Exercise data |

*** Begin section ***

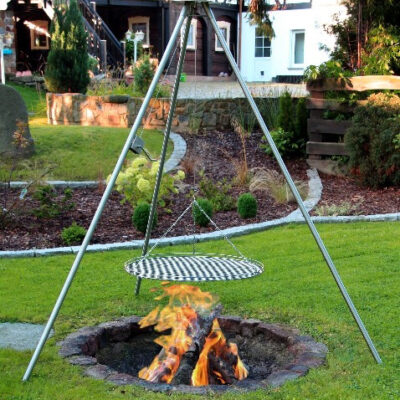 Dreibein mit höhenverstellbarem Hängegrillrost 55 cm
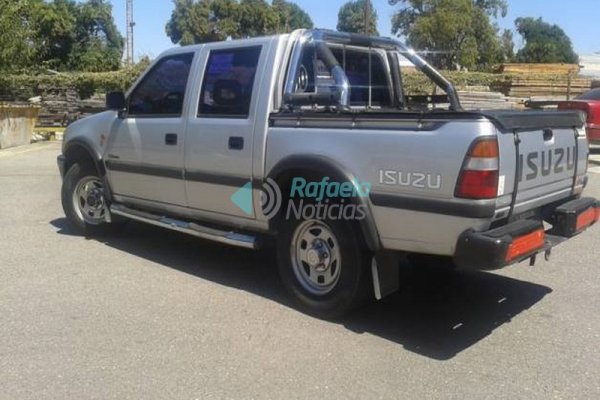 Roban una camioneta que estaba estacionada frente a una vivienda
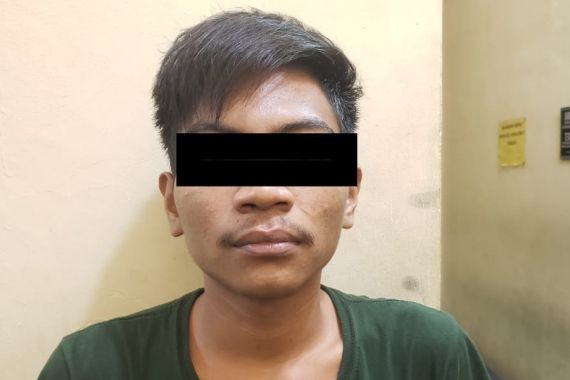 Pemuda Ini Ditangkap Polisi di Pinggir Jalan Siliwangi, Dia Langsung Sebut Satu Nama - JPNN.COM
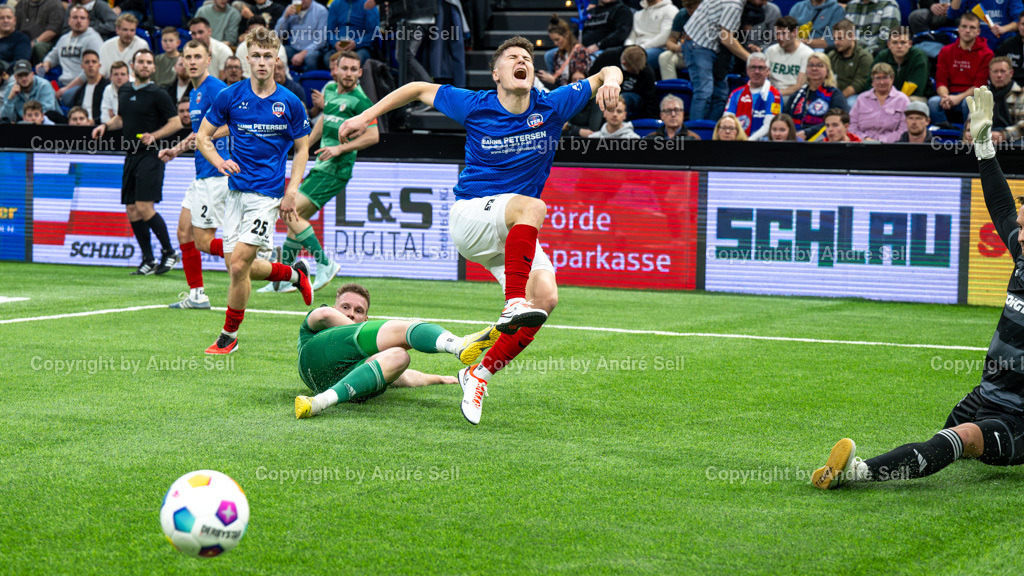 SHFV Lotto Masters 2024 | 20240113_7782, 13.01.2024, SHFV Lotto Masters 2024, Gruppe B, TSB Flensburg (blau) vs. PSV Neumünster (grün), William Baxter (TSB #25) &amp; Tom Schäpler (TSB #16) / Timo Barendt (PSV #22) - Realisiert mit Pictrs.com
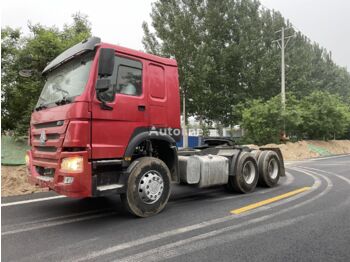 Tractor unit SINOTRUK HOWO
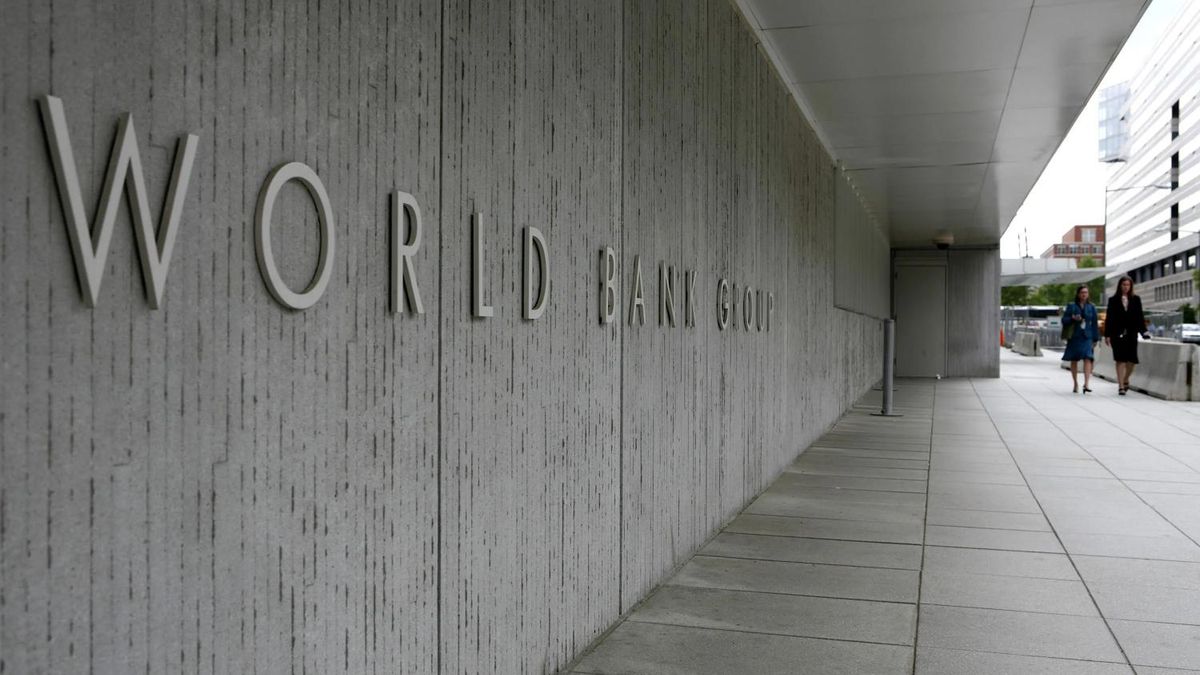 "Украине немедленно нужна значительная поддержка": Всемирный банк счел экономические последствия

*** End section ***
*** Begin section ***

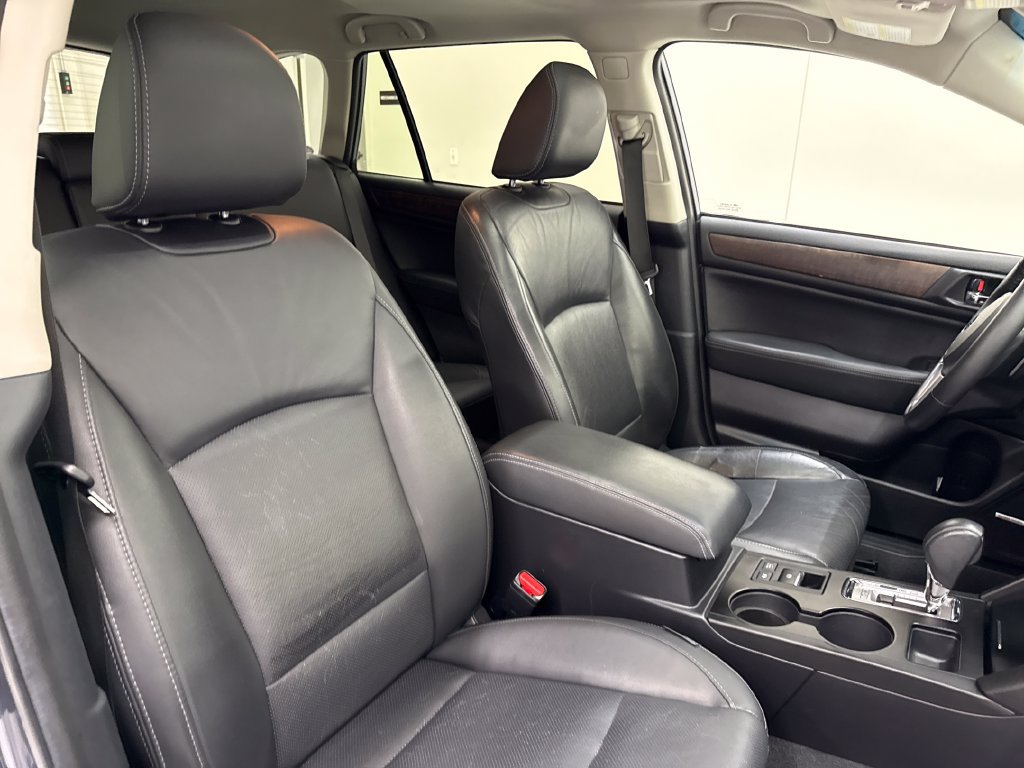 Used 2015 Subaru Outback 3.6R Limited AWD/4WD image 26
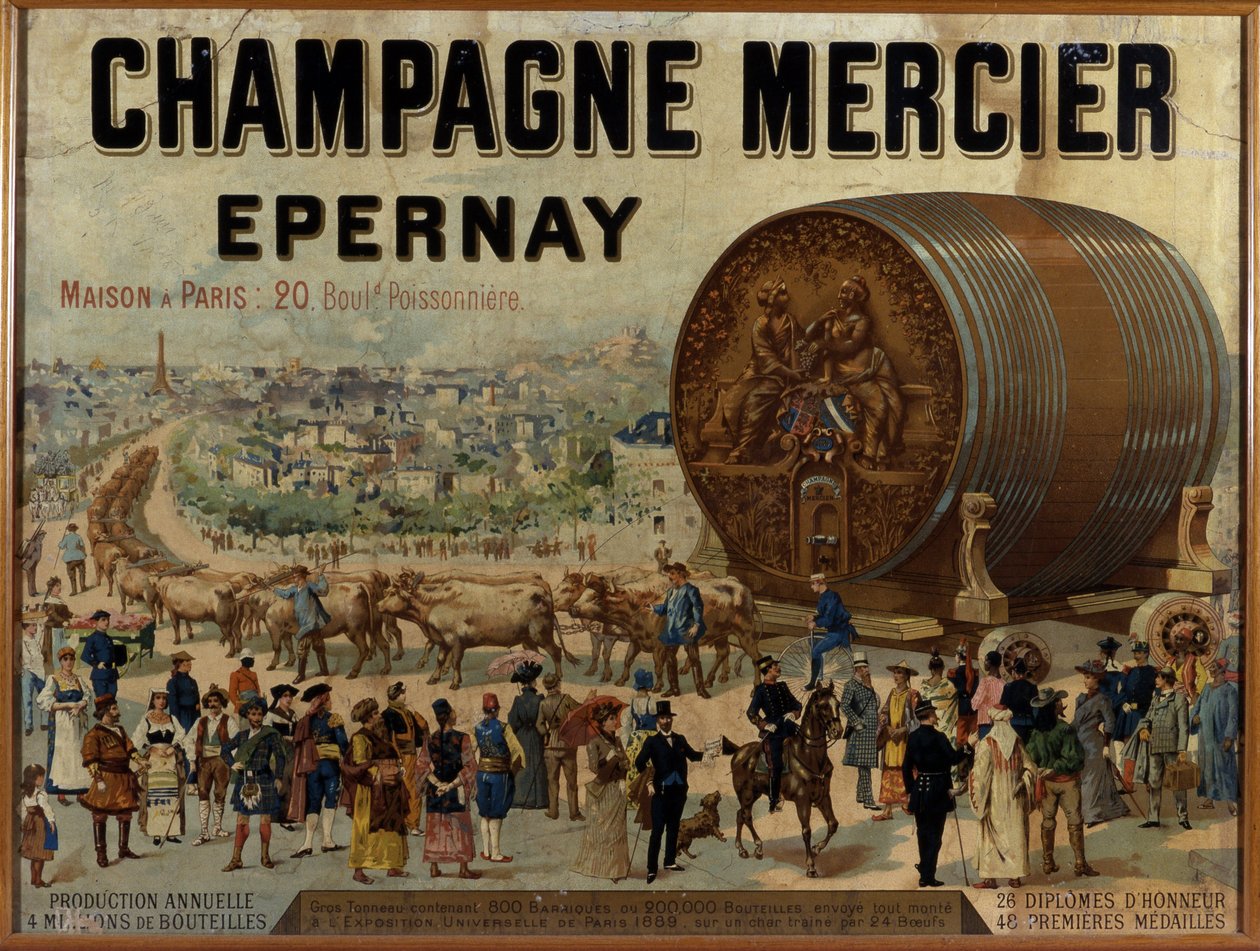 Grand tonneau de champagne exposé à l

*** End section ***
*** Begin section ***

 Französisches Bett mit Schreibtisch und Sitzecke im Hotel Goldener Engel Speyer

*** End section ***

Assignment | Word for word, repeat the lines above from the one with "Dreibein mit höhenverstellbarem" through the one with "счел экономические последствия", and nothing beyond them. Omit the pictures.

Your solution |
 Dreibein mit höhenverstellbarem Hängegrillrost 55 cm
 Roban una camioneta que estaba estacionada frente a una vivienda
 Pemuda Ini Ditangkap Polisi di Pinggir Jalan Siliwangi, Dia Langsung Sebut Satu Nama - JPNN.COM
 SHFV Lotto Masters 2024 | 20240113_7782, 13.01.2024, SHFV Lotto Masters 2024, Gruppe B, TSB Flensburg (blau) vs. PSV Neumünster (grün), William Baxter (TSB #25) &amp; Tom Schäpler (TSB #16) / Timo Barendt (PSV #22) - Realisiert mit Pictrs.com
 Tractor unit SINOTRUK HOWO
 "Украине немедленно нужна значительная поддержка": Всемирный банк счел экономические последствия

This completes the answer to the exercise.